### EXERCISE OBJECTIVE
Images should not appear in the copy, yet every line of the listing below must be printed exactly.
++++++++
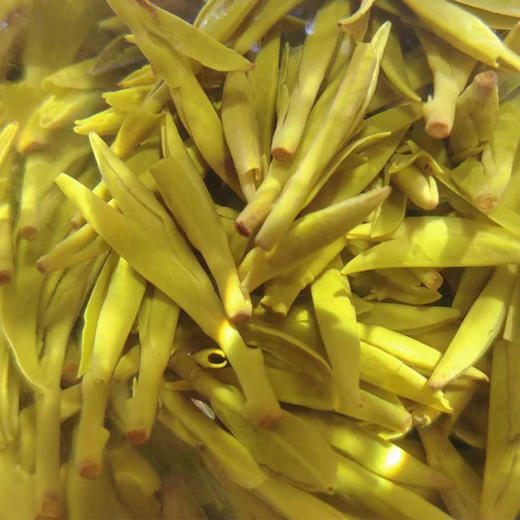【手工蒙顶黄芽】周四（10.23）中午12点开始 2025年头茬，一茶难求！魏师傅的茶 魏久淞亲制，三麸三包  芽条匀整  色泽嫩黄  芽毫显露  花香幽长  汤色黄亮透碧  滋味鲜醇回甘 商品图9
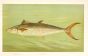 THE SPANISH MACKEREL print ( Scomberomorus maculatus)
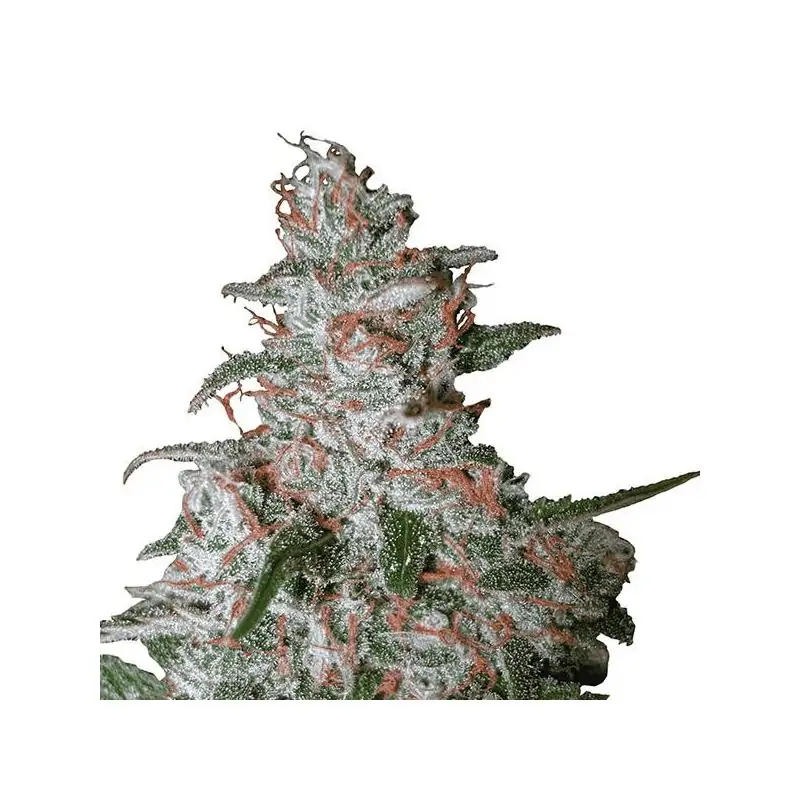 Northern Light Auto Nirvana
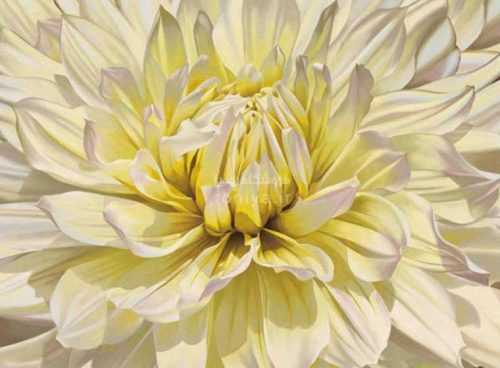 پوستر دیواری گل بزرگ 3DF-236 8 پوستر دیواری گل بزرگ 3DF-236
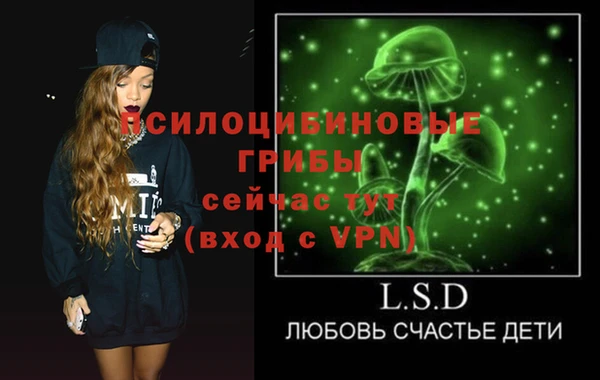ГАЛЛЮЦИНОГЕННЫЕ ГРИБЫ Верея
++++++++
### RESPONSE BELOW
【手工蒙顶黄芽】周四（10.23）中午12点开始 2025年头茬，一茶难求！魏师傅的茶 魏久淞亲制，三麸三包  芽条匀整  色泽嫩黄  芽毫显露  花香幽长  汤色黄亮透碧  滋味鲜醇回甘 商品图9
 THE SPANISH MACKEREL print ( Scomberomorus maculatus)
 Northern Light Auto Nirvana
 پوستر دیواری گل بزرگ 3DF-236 8 پوستر دیواری گل بزرگ 3DF-236
ГАЛЛЮЦИНОГЕННЫЕ ГРИБЫ Верея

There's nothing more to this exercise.